Pieter studies visual perception, learning and memory in the visual system in humans, laboratory animals and artificial neural networks. He studies how nerve cells in different brain areas cooperate in tasks that require us to think about what we see. He wants to know how cells in brain areas cooperate and how they form during the learning of a new task.

An important goal of his lab is to develop a visual prosthesis that would allow people who have become blind to regain a simple form of sight. Pieter coordinates NeuroTech-NL, and the INTENSE grant from NWO to develop new neurotechnology

 

 

Keynote Talk: Creating a visual prosthesis by interfacing with the visual thalamus

A long-standing dream of scientists is to be able to directly project images from the outside world onto the visual brain, bypassing the eyes. This method could provide a solution for blind and visually impaired patients. It is the only possible solution for patients in whom the connection between eye and brain is lost so that a prosthesis in the eye is not an option.
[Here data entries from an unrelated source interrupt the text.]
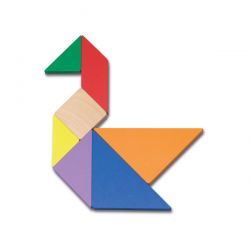 TANGRAM DE MADERA DE COLORES EN CAJA DE METAL (MADERA FSC)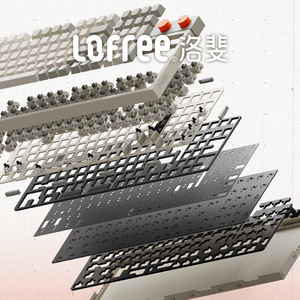Lofree OE918 Xiao Fang 98 teclas interfaz USB inalámbrica para Bluetooth 2,4G mecánico RGB retroiluminado Teclado mecánico de tres modos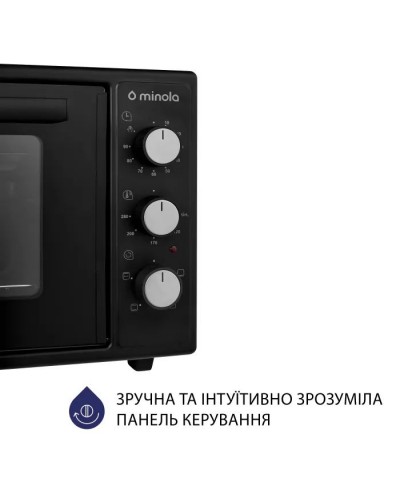 Електропіч Minola FOEV 4815 BL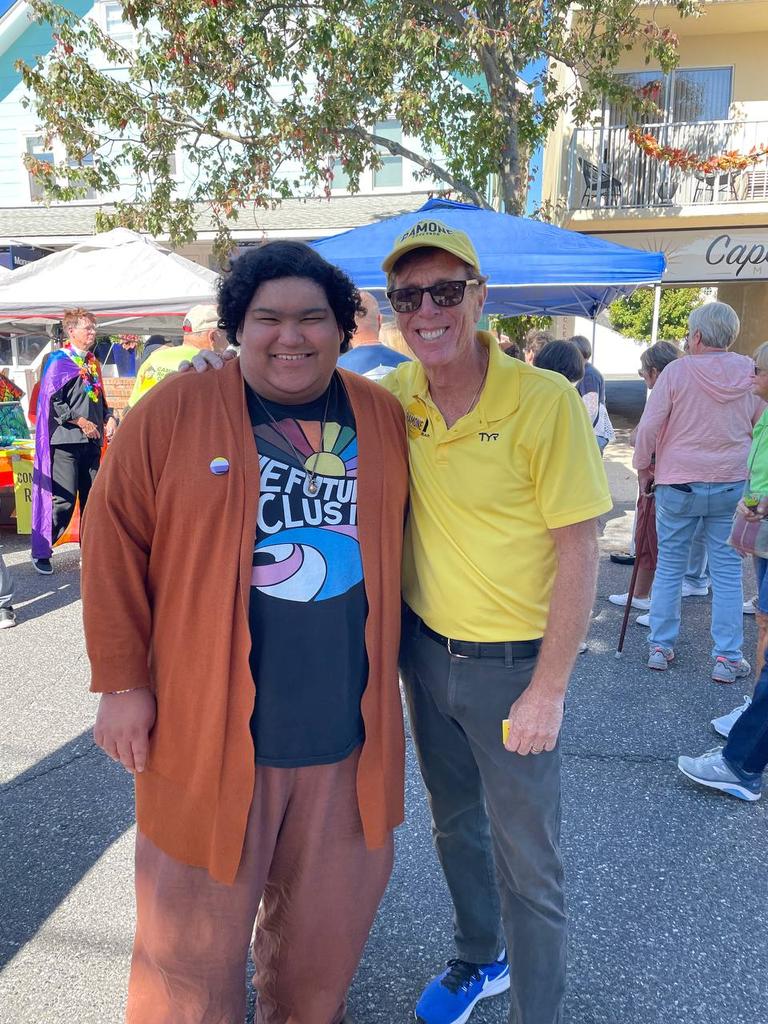 RamoneForDE's tweet photo. CAMP Rehoboth Block Party was a blast today! In the House, I fought to deliver marriage equality to the First State and as Governor, I will be a voice for LGBTQ+ communities. https://t.co/hwxQxZ8YGz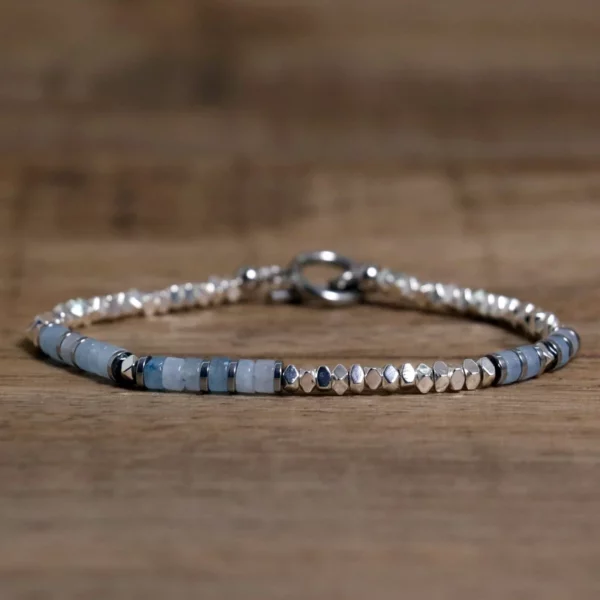 Sleek Hematite & Stainless Steel Bracelet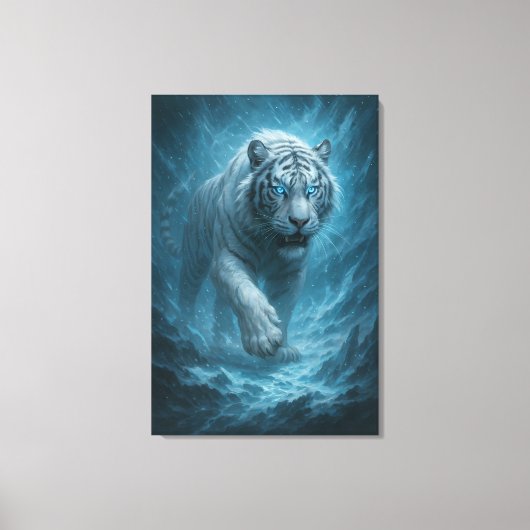 Toile Dragon vs White Tiger – Mystical Fantasy Wall Art  (Recto)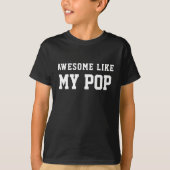 Geweldig zoals mijn opa leuke kids shirt cadeau (Voorkant)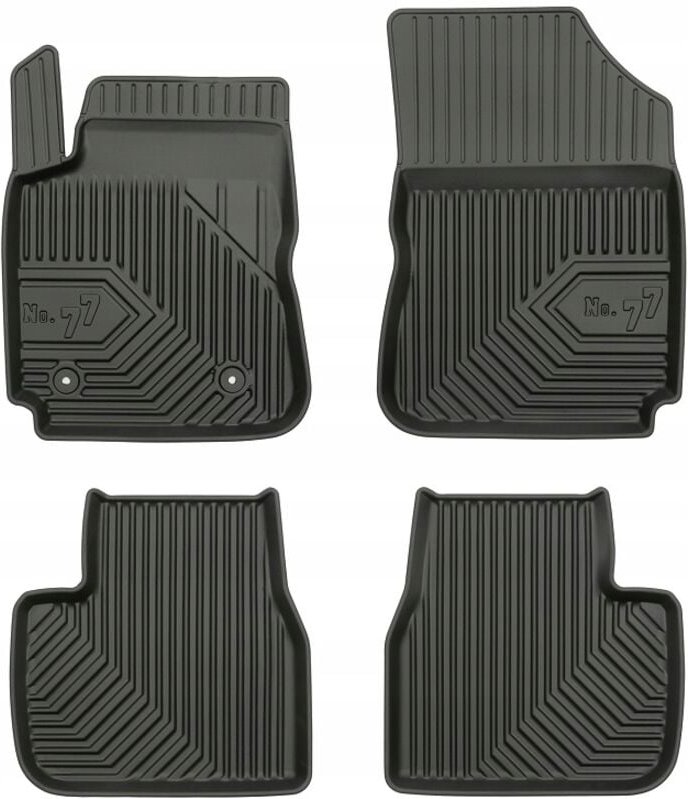 GUMMIMATTEN CITROEN C4 Cactus 2014-2020 DURCH 77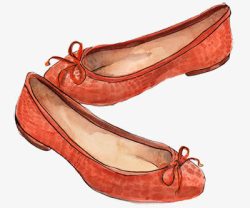 新娘鞋子红色鞋子高清图片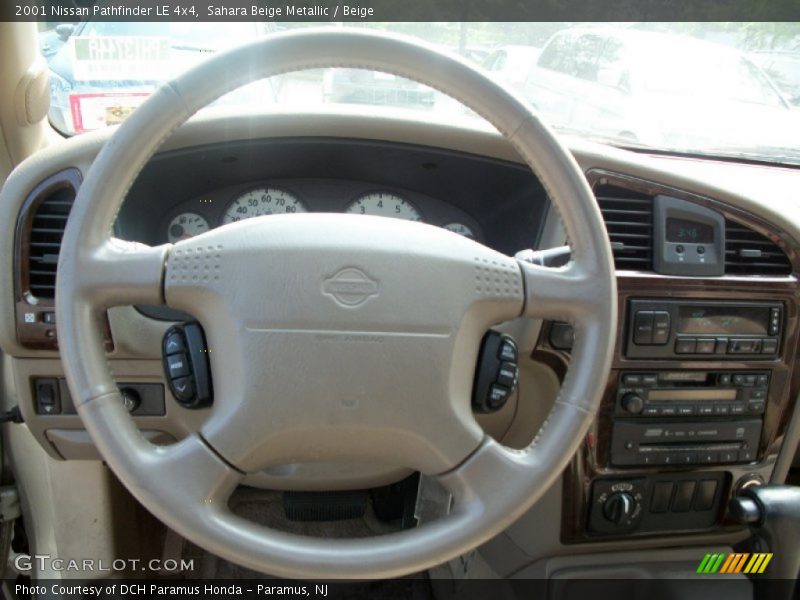 Sahara Beige Metallic / Beige 2001 Nissan Pathfinder LE 4x4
I will first give an overview of the functioning of the LGN and visual cortex, where lower level brain regions analyze simple visual features and higher areas more complex properties such as object category and faces. I will then discuss the mechanisms that determine whether a visual stimulus will reach consciousness or not. It is well established that the electrical stimulation of electrodes in the visual brain leads to artificial percepts called "phosphenes". This method also works in patients who have been blind for decades. The goal of our own research is to bring a prosthesis for the visual brain closer. We implanted 1000 electrodes in the visual cortex to generate complex visual patterns. We demonstrated that this stimulation leads to interpretable images, in the same way that pixels form recognizable patterns on a screen. We are now looking into possibilities to interface with the LGN, which would facilitate clinical translation. These new neurotechnological developments take important steps in the direction of prostheses that can restore a rudimentary form of vision.